Supplied entries:
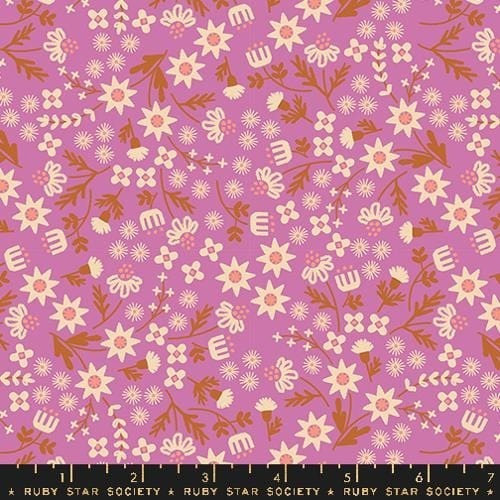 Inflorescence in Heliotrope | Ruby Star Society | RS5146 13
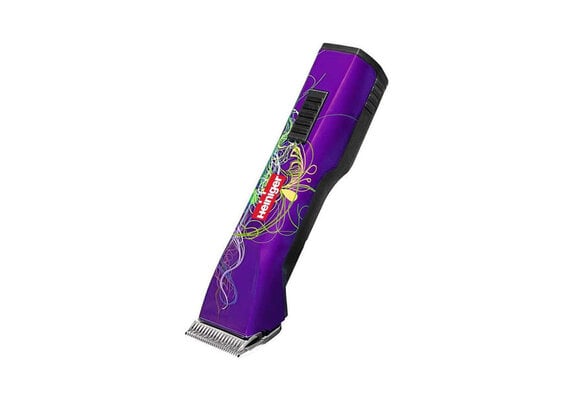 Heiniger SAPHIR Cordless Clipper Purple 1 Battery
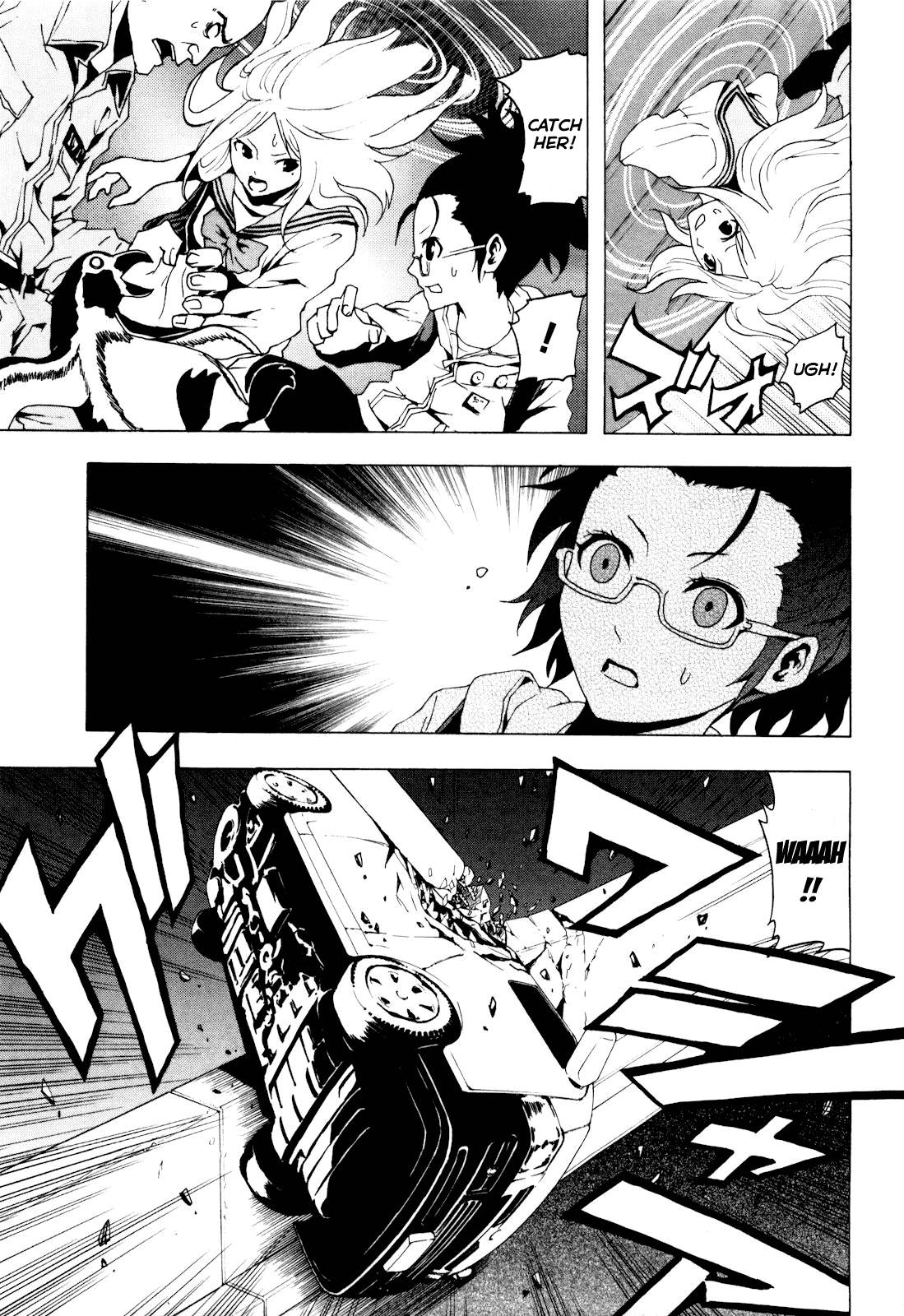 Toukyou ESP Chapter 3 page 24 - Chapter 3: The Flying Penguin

...

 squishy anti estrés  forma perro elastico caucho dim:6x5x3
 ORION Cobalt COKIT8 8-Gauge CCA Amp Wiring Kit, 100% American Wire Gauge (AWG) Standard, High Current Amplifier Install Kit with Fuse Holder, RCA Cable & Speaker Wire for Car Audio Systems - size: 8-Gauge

Try it: Give again, exactly as written above, each line from the one that has "Inflorescence in Heliotrope" to the one that has "Toukyou ESP Chapter", both included; omit the pictures.

Exercise result:
 Inflorescence in Heliotrope | Ruby Star Society | RS5146 13
 Heiniger SAPHIR Cordless Clipper Purple 1 Battery
 Toukyou ESP Chapter 3 page 24 - Chapter 3: The Flying Penguin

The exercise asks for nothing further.